Miklos Szeredi <miklos@szeredi.hu> reports this is approach is good
enough to remove concerns about new kernels mixed with old versions
of fusermount.

A secondary motivation for restrictions here is that it removing empty
directories that have non-empty mount points on them appears to
violate the rule that rmdir can not remove empty directories.  As
Linus Torvalds pointed out this is useful for programs (like git) that
test if a directory is empty with rmdir.

Therefore this patch arranges to enforce the existing mount point
semantics for local mount namespace.

v2: Rewrote the test to be a drop in replacement for d_mountpoint
v3: Use bool instead of int as the return type of is_local_mountpoint

Reviewed-by: Miklos Szeredi <miklos@szeredi.hu>
Signed-off-by: "Eric W. Biederman" <ebiederm@xmission.com>
Signed-off-by: Al Viro <viro@zeniv.linux.org.uk>
---
 fs/namei.c | 6 +++++-
 1 file changed, 5 insertions(+), 1 deletion(-)

(limited to 'fs/namei.c')

diff --git a/fs/namei.c b/fs/namei.c
index a7b05bf82d31..a3a14b033b0d 100644
--- a/fs/namei.c
+++ b/fs/namei.c
@@ -3565,6 +3565,8 @@ int vfs_rmdir(struct inode *dir, struct dentry *dentry)
 	mutex_lock(&dentry->d_inode->i_mutex);
 
 	error = -EBUSY;
+	if (is_local_mountpoint(dentry))
+		goto out;
 	if (d_mountpoint(dentry))
 		goto out;
 
@@ -3681,7 +3683,7 @@ int vfs_unlink(struct inode *dir, struct dentry *dentry, struct inode **delegate
 		return -EPERM;
 
 	mutex_lock(&target->i_mutex);
-	if (d_mountpoint(dentry))
+	if (is_local_mountpoint(dentry) || d_mountpoint(dentry))
 		error = -EBUSY;
 	else {
 		error = security_inode_unlink(dir, dentry);
@@ -4126,6 +4128,8 @@ int vfs_rename(struct inode *old_dir, struct dentry *old_dentry,
 		mutex_lock(&target->i_mutex);
 
 	error = -EBUSY;
+	if (is_local_mountpoint(old_dentry) || is_local_mountpoint(new_dentry))
+		goto out;
 	if (d_mountpoint(old_dentry) || d_mountpoint(new_dentry))
 		goto out;
 
-- 
cgit v1.2.3


From 8ed936b5671bfb33d89bc60bdcc7cf0470ba52fe Mon Sep 17 00:00:00 2001
From: "Eric W. Biederman" <ebiederman@twitter.com>
Date: Tue, 1 Oct 2013 18:33:48 -0700
Subject: vfs: Lazily remove mounts on unlinked files and directories.

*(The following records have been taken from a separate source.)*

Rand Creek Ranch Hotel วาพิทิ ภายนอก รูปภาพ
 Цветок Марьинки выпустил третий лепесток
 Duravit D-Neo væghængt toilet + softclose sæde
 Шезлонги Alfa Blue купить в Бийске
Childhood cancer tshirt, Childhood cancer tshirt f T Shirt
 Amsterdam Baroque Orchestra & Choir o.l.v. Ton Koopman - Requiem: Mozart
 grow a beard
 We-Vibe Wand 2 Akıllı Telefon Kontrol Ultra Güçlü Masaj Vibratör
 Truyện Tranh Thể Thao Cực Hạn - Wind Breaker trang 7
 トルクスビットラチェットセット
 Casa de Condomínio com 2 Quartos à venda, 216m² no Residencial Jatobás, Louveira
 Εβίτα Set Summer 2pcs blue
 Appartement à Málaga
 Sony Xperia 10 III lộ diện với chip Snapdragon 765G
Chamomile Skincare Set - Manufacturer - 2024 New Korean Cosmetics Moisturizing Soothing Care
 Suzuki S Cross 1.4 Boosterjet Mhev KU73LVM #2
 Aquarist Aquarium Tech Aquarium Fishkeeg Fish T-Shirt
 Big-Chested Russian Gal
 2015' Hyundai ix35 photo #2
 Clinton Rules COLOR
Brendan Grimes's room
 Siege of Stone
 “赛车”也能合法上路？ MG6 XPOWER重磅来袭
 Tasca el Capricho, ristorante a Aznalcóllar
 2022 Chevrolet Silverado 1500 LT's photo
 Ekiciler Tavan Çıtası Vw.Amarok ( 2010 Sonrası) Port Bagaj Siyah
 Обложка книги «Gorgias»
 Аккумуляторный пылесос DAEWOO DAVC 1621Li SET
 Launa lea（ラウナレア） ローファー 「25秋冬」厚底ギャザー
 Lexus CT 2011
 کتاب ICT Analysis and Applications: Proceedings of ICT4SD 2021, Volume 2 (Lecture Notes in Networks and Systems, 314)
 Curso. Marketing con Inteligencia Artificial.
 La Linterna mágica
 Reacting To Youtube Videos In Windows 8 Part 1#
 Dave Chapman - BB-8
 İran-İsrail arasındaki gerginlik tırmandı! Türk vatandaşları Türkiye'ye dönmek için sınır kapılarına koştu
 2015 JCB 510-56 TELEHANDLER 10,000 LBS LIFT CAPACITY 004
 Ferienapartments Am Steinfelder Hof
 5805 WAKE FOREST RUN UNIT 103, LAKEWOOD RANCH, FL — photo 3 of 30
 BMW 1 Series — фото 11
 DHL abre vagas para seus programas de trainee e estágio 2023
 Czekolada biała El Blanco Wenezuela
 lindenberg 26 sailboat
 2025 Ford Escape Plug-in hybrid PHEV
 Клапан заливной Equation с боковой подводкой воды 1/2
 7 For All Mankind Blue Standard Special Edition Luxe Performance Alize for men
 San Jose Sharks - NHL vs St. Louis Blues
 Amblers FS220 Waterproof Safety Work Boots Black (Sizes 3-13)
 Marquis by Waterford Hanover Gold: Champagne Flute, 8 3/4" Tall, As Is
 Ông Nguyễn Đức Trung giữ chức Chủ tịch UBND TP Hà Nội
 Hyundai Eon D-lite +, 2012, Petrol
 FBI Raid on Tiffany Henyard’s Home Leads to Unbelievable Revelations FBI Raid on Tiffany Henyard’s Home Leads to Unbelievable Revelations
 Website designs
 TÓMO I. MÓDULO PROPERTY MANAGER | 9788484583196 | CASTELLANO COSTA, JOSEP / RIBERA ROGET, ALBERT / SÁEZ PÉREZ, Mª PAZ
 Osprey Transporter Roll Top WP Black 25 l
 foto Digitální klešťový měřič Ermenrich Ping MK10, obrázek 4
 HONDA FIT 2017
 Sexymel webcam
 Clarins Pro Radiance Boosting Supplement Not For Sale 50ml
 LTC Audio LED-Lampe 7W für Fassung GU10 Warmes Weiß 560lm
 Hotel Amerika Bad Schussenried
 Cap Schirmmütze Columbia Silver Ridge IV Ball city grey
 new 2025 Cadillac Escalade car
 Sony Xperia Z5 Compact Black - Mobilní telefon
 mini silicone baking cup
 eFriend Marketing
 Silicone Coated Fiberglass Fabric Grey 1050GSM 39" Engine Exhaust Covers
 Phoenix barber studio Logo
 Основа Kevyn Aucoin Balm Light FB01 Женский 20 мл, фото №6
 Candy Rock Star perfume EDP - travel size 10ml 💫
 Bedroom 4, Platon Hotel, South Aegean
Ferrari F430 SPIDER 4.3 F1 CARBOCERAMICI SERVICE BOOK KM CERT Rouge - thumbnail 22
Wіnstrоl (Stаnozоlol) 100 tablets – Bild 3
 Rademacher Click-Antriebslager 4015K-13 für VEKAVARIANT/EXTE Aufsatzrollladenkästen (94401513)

With the introduction of mount namespaces and bind mounts it became
possible to access files and directories that on some paths are mount
points but are not mount points on other paths.  It is very confusing
when rm -rf somedir returns -EBUSY simply because somedir is mounted
somewhere else.  With the addition of user namespaces allowing
unprivileged mounts this condition has gone from annoying to allowing
a DOS attack on other users in the system.

The possibility for mischief is removed by updating the vfs to support
rename, unlink and rmdir on a dentry that is a mountpoint and by
lazily unmounting mountpoints on deleted dentries.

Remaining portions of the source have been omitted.